The issue isn't composition.

Michael Gonzalez said...

I have no idea what it means to be "constituted" of matter, but not made of it....

Alexander R Pruss said...

The shape of a rock is constituted by the matter, but isn't made of matter. If it were made of matter, it would make sense to ask how much the shape of the rock weighs, what color it is, etc.

Money is constituted by social convention, but isn't made of it.

Heath White said...

Alex,

So, my first thought is that 'matter' has a well-defined theoretical role in Aristotelian physics but not such a well-defined role in modern physics and maybe no role at all. We can use 'matter' to mean "the most fundamental physical stuff" but that assumes (a) there is a most fundamental layer, and (b) it's *stuff*, not e.g. fields. So one cannot assume that "the most fundamental physical stuff" has a referent.

But if those assumptions hold, and we decide to use 'matter' with that definition, then it would follow that the alien turns out to be made of matter and we do not. That would be remarkable.

On the other hand we could decide to use 'matter' to mean something like "the occupant of the theoretical role of most fundamental stuff for the theory that presents itself to our apparent reality." Then we turn out to be made of matter and (I guess) the alien does not.

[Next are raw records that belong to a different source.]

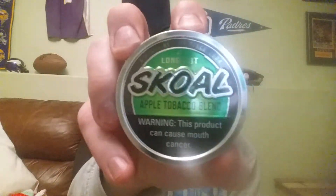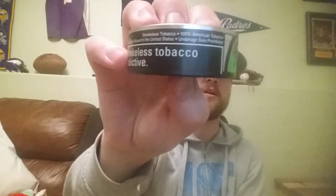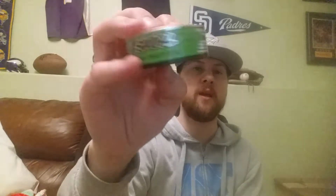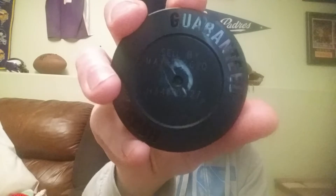Here we are — skull on the front with the warning label, Apple Tobacco Long Cut. On the side it says warning label, smokeless tobacco, 100 percent American tobacco, standard 1.2 ounce can, tax class M, US Smokeless Tobacco, Nashville Tennessee, barcode, and the sell-by date is May 17th, 2020.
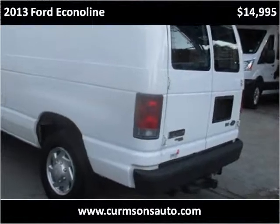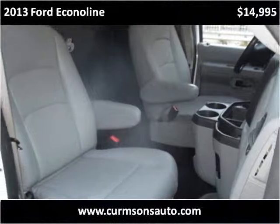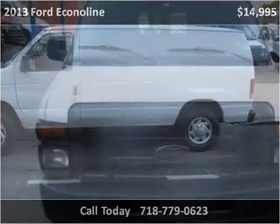This 2013 Ford Econoline is available from Kermson. This vehicle has just over 96,000 miles.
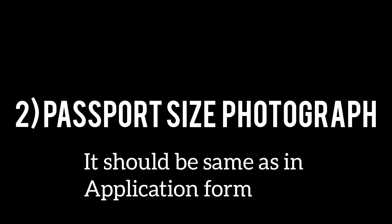The next required item is one passport size photograph, which should be the same as the one uploaded on the online application form. The photograph is for pasting on the specific space in the attendance sheet at the center during the examination.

But in this case it is remarkable that apparent reality is not much like real reality.

So my point is that if we find out that we are running on an alien's laptop, we have found out something remarkable in either case. There is a "skeptical" reading on which we learn that we are not made out of matter, and a "reductionist" reading on which we learn that matter is not fundamental. But it seems to me that this is something of a choice, and maybe we can describe the situation either way.

entirelyuseless said...

What counts as a skeptical scenario? In the post, you seem to define it as something that implies that Aristotelian philosophy is false. But that can't be right: a skeptical scenario should be one in which common sense is false. Whether your philosophy is true or false should be secondary. And that is true even if you think your philosophy is just a thinking through of common sense.

Certainly according to common sense I have two hands. And I think situations that imply that I do not currently have two hands are skeptical scenarios.

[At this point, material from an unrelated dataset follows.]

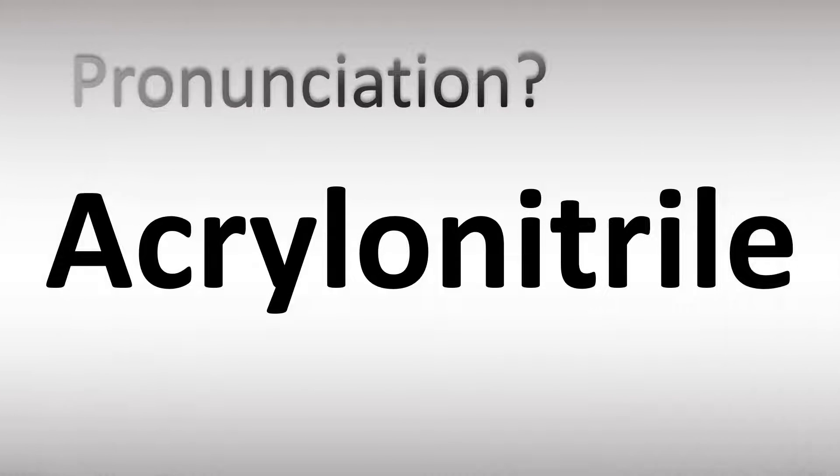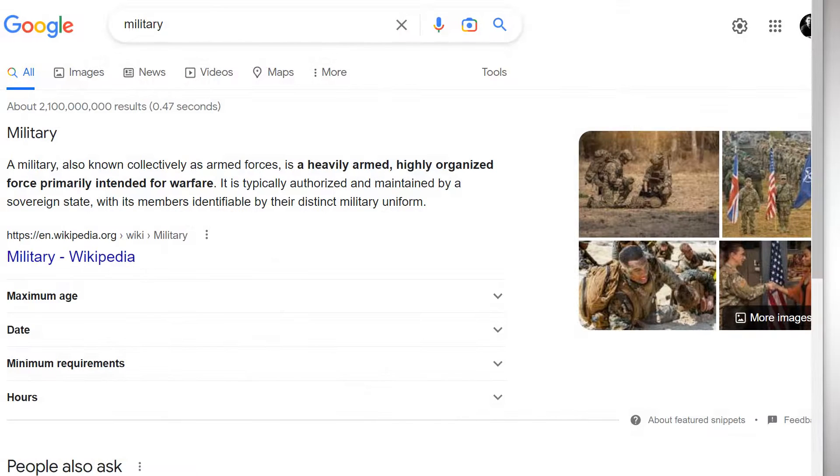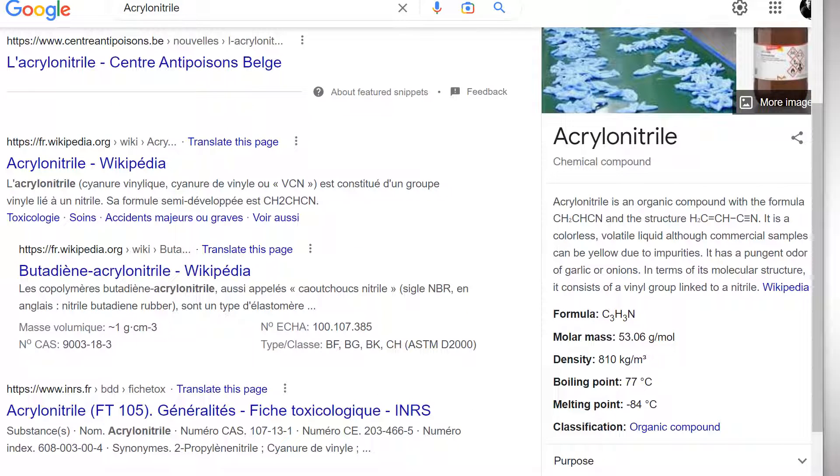We are looking at how to pronounce this name. We'll be looking at how to say more names of different molecules — names from science as well — so make sure to stay tuned to learn more. This is the name of an organic compound with formula CH2CHCN.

Consider the brain in a vat scenario. By the reasoning in the first part of the post, you could say that the scenario does not imply that I do not have two hands, and therefore it is not a skeptical scenario.

There is a problem, however. According to common sense, a brain is not a human body and does not have hands. And if I am a brain in a vat, then I am a brain. And that means I do not have two hands. And so the situation is skeptical after all.

But if we stop to think about it, we can easily see the problem. "I am a brain in vat," formulated just like that, is indeed a scenario that implies that common sense is false. And since I do know that I have two hands, I know that I am not a brain in a vat. However, there is a different situation, and I do not know that I am not in it. It is this: "I am something analagous to a brain in something analagous to a vat." Obviously, if I am in such a thing, or if I in a computer simulation, or whatever, then just as the words "hands" refer to something in the brain or simulation or whatever, so the words "brain" and "vat" refer to something in the same situation. So the sentence "I am a brain in a vat" is still false, just as it is still false that "I do not have two hands."

But the new formulation, "I am something analagous to a brain in something analagous to a vat," escapes that difficulty. But it is not a skeptical scenario, since it does not imply that common sense is false.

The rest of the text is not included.